ALBUQUERQUE, NEW MEXICO—Art and advent seem to go together like love and marriage. For millennia artist have captured the events surrounding the birth of Christ with astute detail. From early paintings (such as a sarcophagus circa 2nd-3rdcentury, showing the adoration of the magi), to Byzantine icons, to modern masterpieces, artistic representation surrounding the birth of Jesus is manifold.
As one of the great events within history, Christmas is one of the two major Holy Days celebrated within the Christian year (the other, Easter, is the pinnacle). The reason? God incarnate, Jesus, takes the form of a man and dwells among people. This mind-blowing Biblical truth is something worth celebrating, and artists have joined the festivities with a plethora of artistic depiction: matching the mystery of the event to the mastery of various artistic medium.
The question as to the importance of art and advent, I turn to history professor Dr. Bruce Redford. Dr. Redford served as chair of the Department of History of Art & Architecture at Boston University.
Painting the Word
In a three-part advent lecture series entitled PAINTING THE WORD: The Annunciation and Nativity in Western Art, co-sponsored by The Cathedral of Saint John and The Bosque Retreat Center, Dr. Redford discusses the following aspects of art and advent:
- “Fear not, Mary: The Annunciation” focuses on interpretations of Luke’s narrative and its complex blend of acceptance and apprehension.
- “Wrapped in Swaddling Clothes: Nativity I” concentrates on works that emphasize the sublime humanity of the wondrous birth.
- Finally, “A Savior, which is Christ the Lord: Nativity II” looks at those painters who chose to emphasize the manger as the starting point of the road to the Cross.
In lecture two, “Wrapped in Swaddling Clothes: Nativity 1,” Dr. Redford uses sixteen works of art to illustrate how artists represent the birth of Christ. At the end of the lecture Redford concludes, “mystery is made manifest” in the artwork. For Redford, artists are grappling with the ineffable, honing on something indescribable: God in man made visible. And the artistic representation invites immediacy for the viewer to the historical and traditional accounts, providing a means for contemplation, showing human fragility and frailty. Redford reminds us that there is mystery and majesty in the incarnation: a child weeps, feels, and is born, but this child is something more than human. Put another way, God in Christ came to the muck of the earth to show us the majesty of the Lord, allowing humanity to encounter the Word made flesh.

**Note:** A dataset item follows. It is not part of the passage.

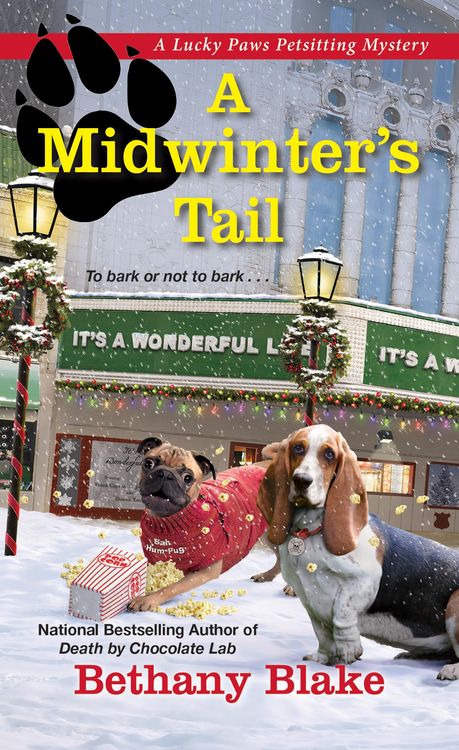 Produktbild: A Midwinter's Tail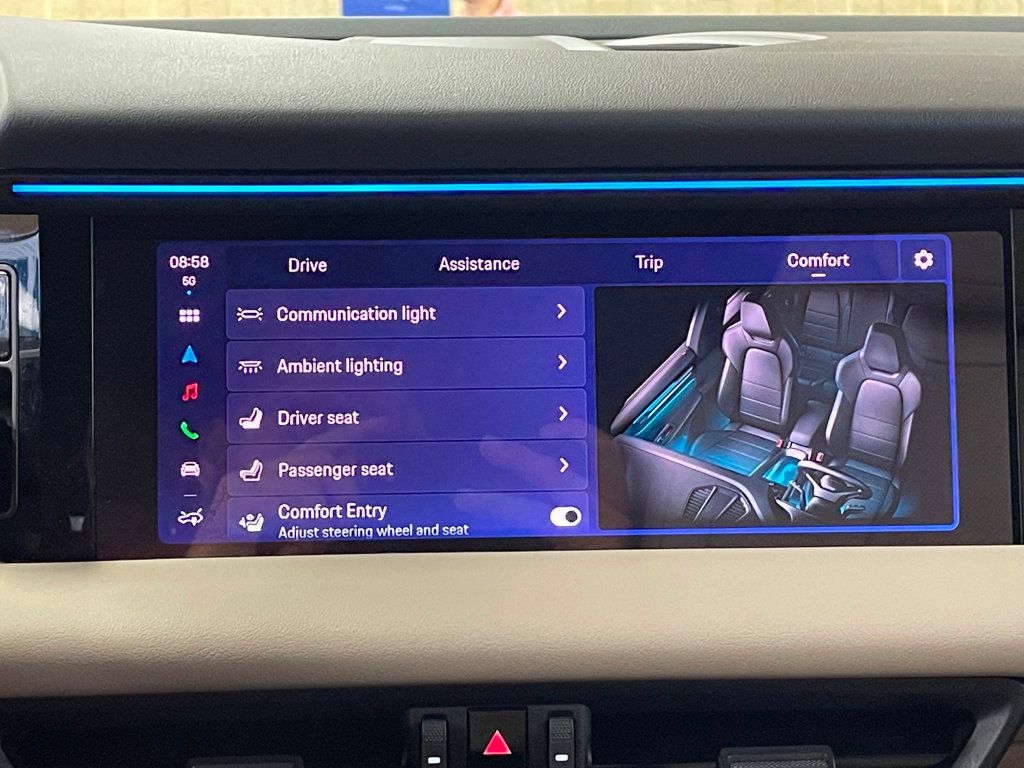 2025 Porsche Macan Electric 4 AWD - 22964915 - 37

Encountering the Word Made Flesh
Throughout the advent season there are many artistic ways to encounter the Word made flesh, I suggest two.
One is the Advent Project by Biola University. The marvelous Advent Project is an online devotion sponsored by the CCCA. Each day a scriptural reading, poem, devotion, artwork, and music is provided to enhance the devotional experience.
As an example: on December 3rd, I John 4: 9-11 is given, followed by a poem by Pulitzer Prize-winning poet, Tracy K. Smith—Wade in the Waster, finishing with a devotion by Carrie Stockton. Off to the side of the reading is a painting by Emmanauel Garibay, TheOblation, 2008. And in the background, a composition by Sir John Tavener (1944-2013) entitled Funeral Canticle.
In addition to the devotion, there is a “About” link that affords the opportunity to learn more about the artists, writers, musicians, and composers referenced in the devotion. Overall, the project is both a devotional and educational experience. I highly recommend it to all interested in the integration of art and faith.